# What the exercise asks
Your copy of the listing must be exact and must hold no images.

# Source data
+ + + +
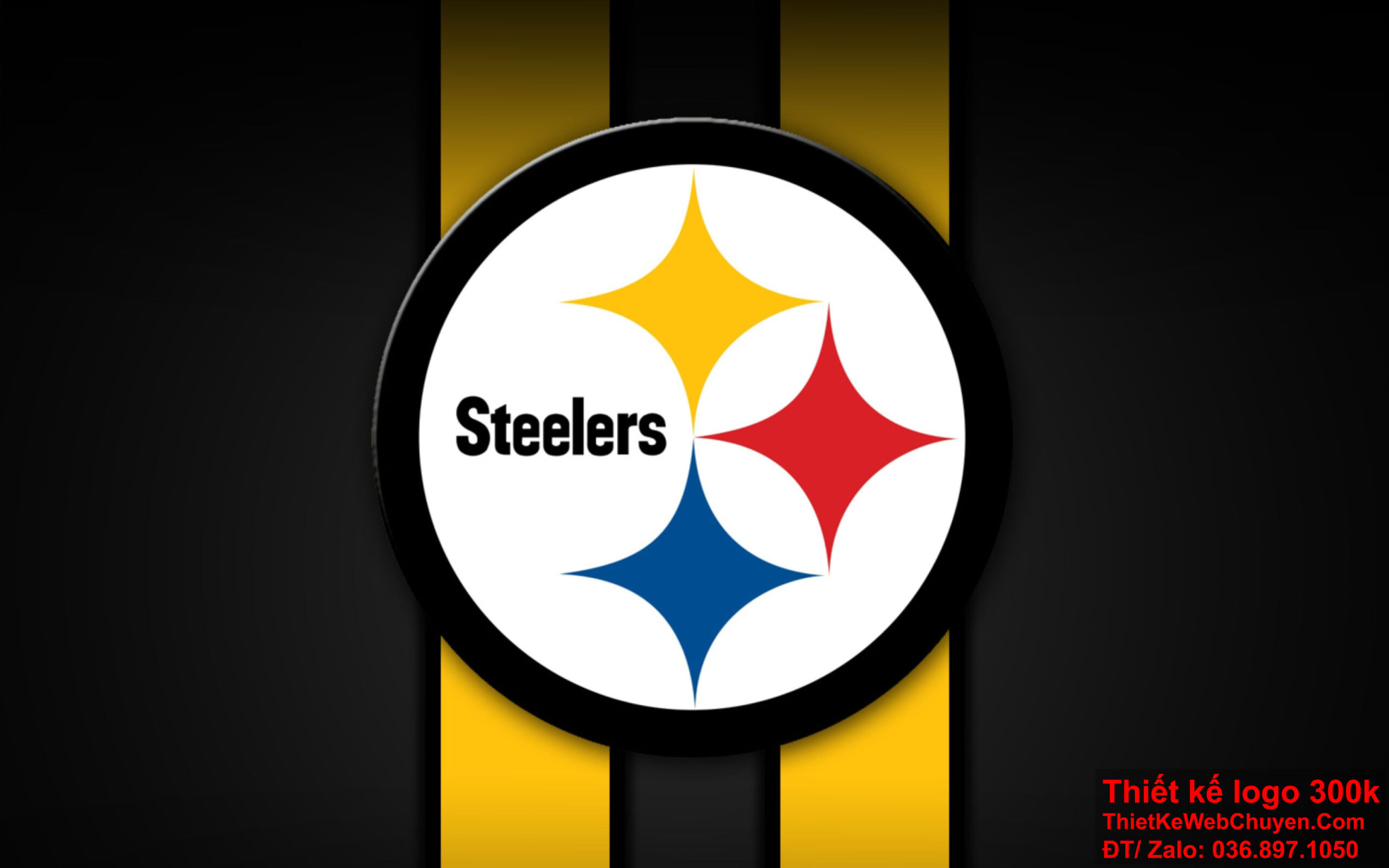 Màu sắc và biểu tượng trong Pittsburgh Steelers logo gợi nhớ đến sức mạnh và lòng kiên nhẫn.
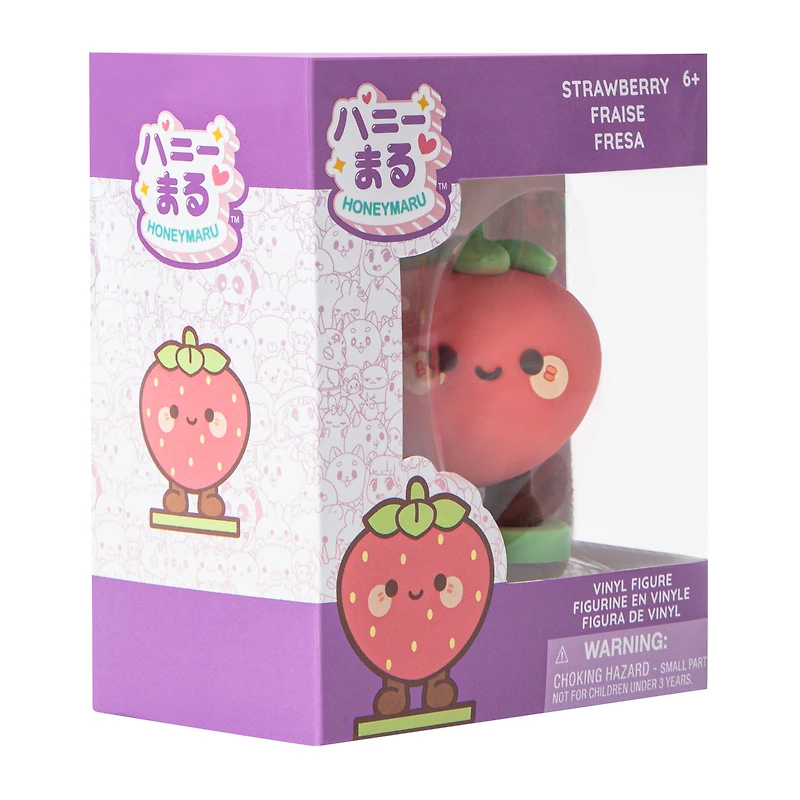Honeymaru™ Strawberry Vinyl Figure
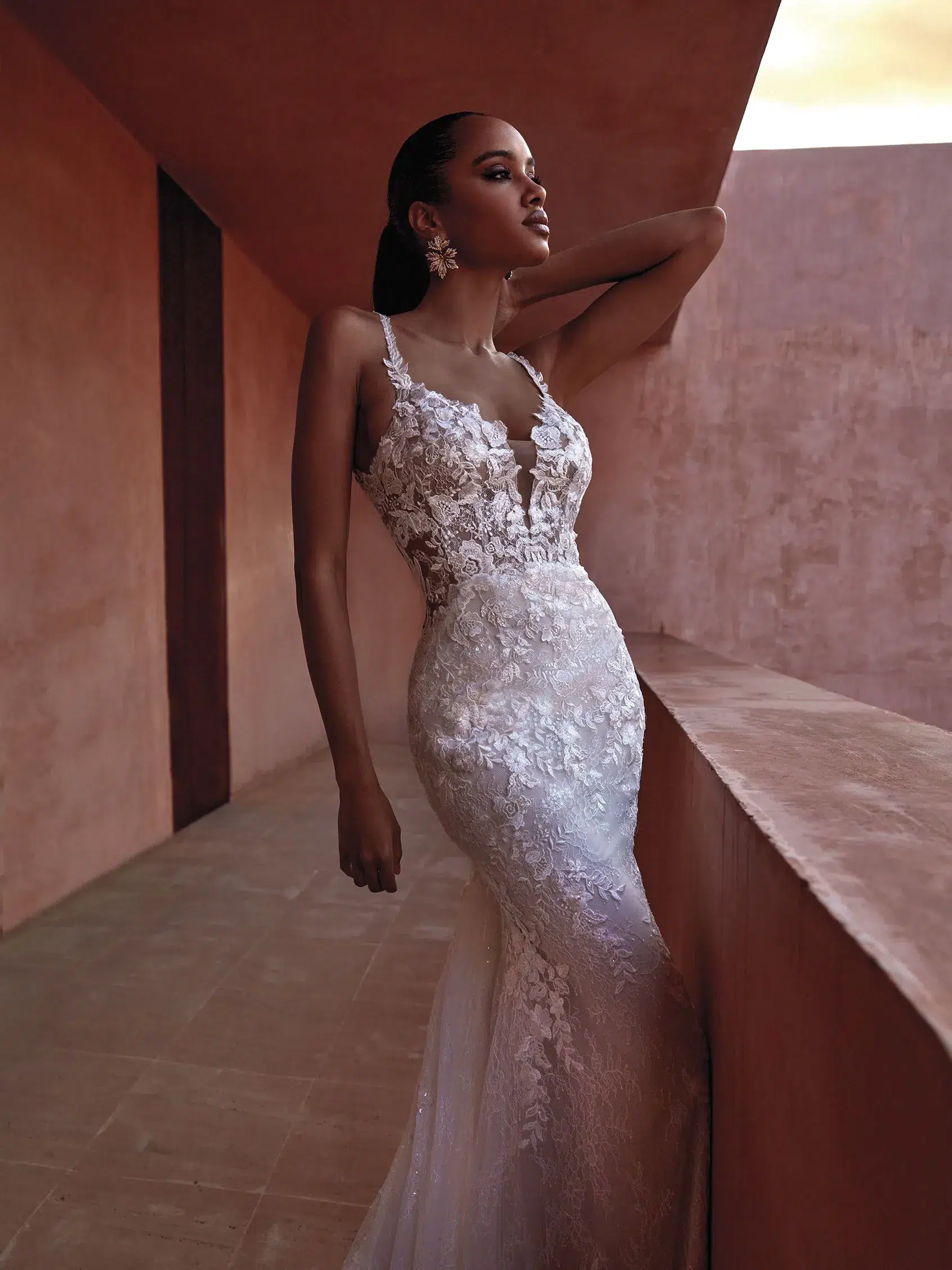 Robe de Mariée Sirène Glamour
+ + + +
# Exercise answer
 Màu sắc và biểu tượng trong Pittsburgh Steelers logo gợi nhớ đến sức mạnh và lòng kiên nhẫn.
Honeymaru™ Strawberry Vinyl Figure
 Robe de Mariée Sirène Glamour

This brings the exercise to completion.